En outre, la maltraitance civique prend la forme d’une limitation des contacts avec l’extérieur. La personne dite de confiance peut se comporter comme telle en apparence et agir sous cape, en escroquant la personne âgée sensibilisée par cet isolement stratégique. De même, des demandes de mise sous tutelle sont abusives et intentionnelles à des fins de malversations financières. L’argent reste le fil conducteur de ces formes de maltraitance.

Zoom sur la main d'un personne âgé dans un fauteuil en noir et blanc qui a probablement subi de la maltraitance.

La qualification de maltraitance n’est pas si évidente

Après avoir défini au mieux les situations de maltraitance, on se rend compte que la maltraitance délibérée est clairement évidente mais celle qui est subie par inattention, mégarde…nettement moins !

En visitant les structures dans l’exercice de mes fonctions au sein de Papyhappy, j’ai rencontré une directrice de maison de retraite, particulièrement attentive et aguerrie aux notions de maltraitance.

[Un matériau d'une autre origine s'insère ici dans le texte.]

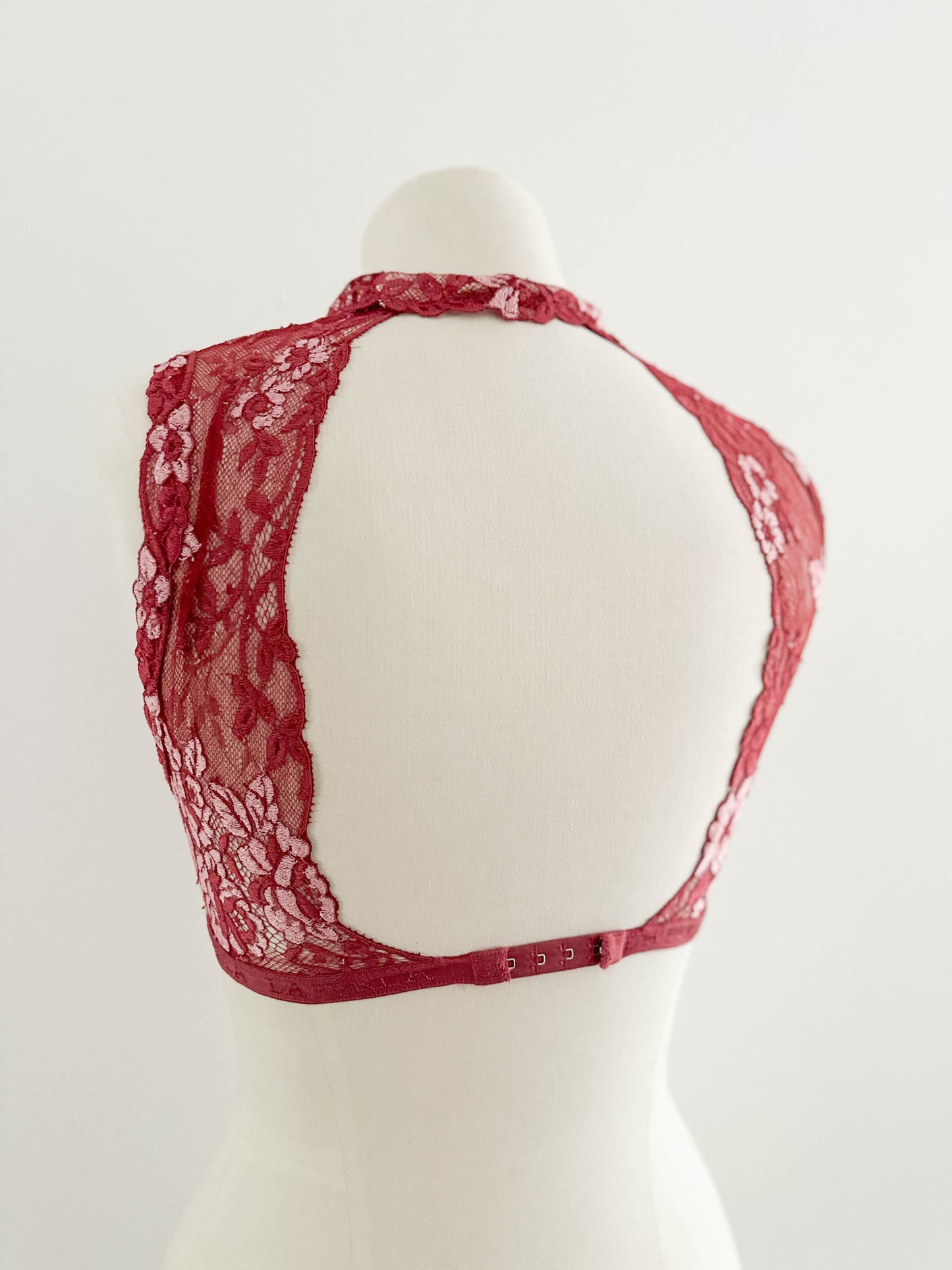 LA PERLA BLOUSE BRALETTE (XS - S)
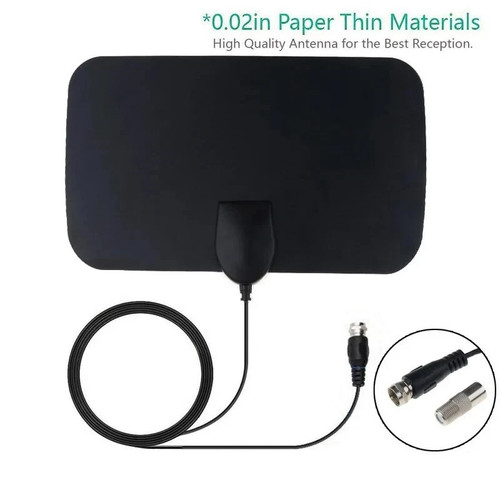 8000 miles indoor - indoor, antenna
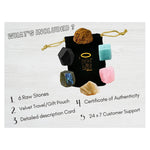 Mood Change Raw Crystals Set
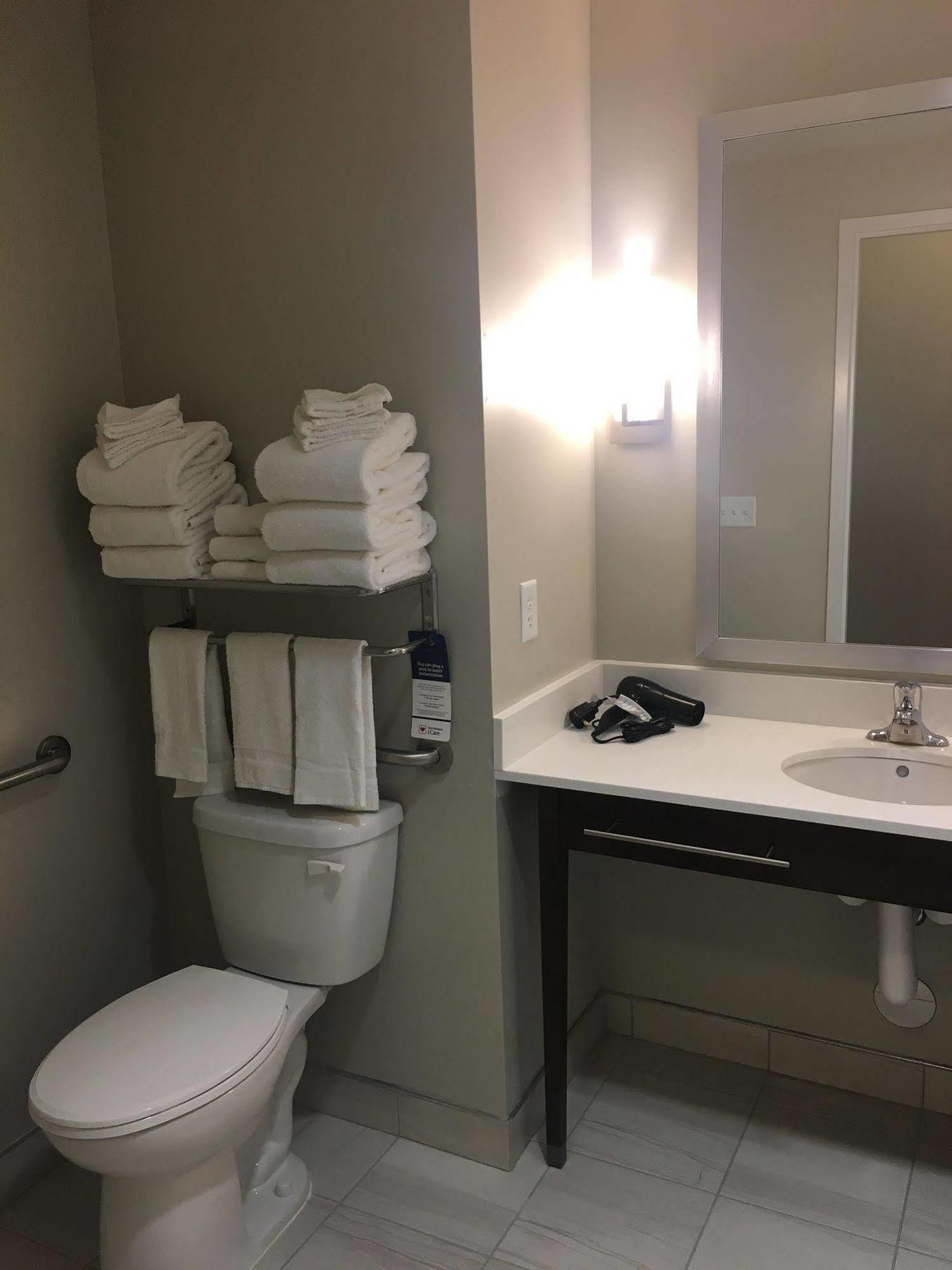 Best Western Gettysburg Bagian luar foto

Rencontrer cette professionnelle, au-delà de ses compétences, a marqué mon approche sur le sujet et modifié mon regard professionnel et personnel. En effet, les avis tranchés sont faciles quand les abus sont identifiés comme condamnables mais qu’en est-il de ces situations où l’on contraint la personne âgée à se maintenir quand l’envie n’y est plus…

Il existe aussi la maltraitance « du vouloir bien faire » en omettant les désirs profonds de la personne âgée. Après avoir recueilli les propos d’une infirmière libérale en lien direct avec cette problématique, cette dernière me signifiait l’importance de prendre conscience de la « bientraitance maltraitante » à travers deux moments de vie partagés : vouloir nourrir au sens propre, une personne qui n’arrive plus à déglutir au nom du lien social ou bien encore, vouloir mettre une personne en institution pour sa sécurité alors qu’elle veut rester à domicile sont des actes de maltraitance bienveillante.

Un autre aspect de maltraitance non reconnue en France est le droit de choisir sa fin de vie mais il est une réalité bien cachée que nombre de nos seniors ne supportent plus leur solitude, leur dépendance et aimeraient pouvoir s’en aller doucement car ils ont fait leur temps comme ils disent. Seulement la loi ne le permet pas. Il est donc légitime de s’interroger sur ce que revêt le terme de maltraitance, le sujet est sensible et délicat d’autant que le fait de vouloir partir peut être le reflet d’un moment de « spleen » passager. Les institutions et les soignants vont devoir trancher cette question délicate qu’est la maltraitance. La réflexion est donc sans fin.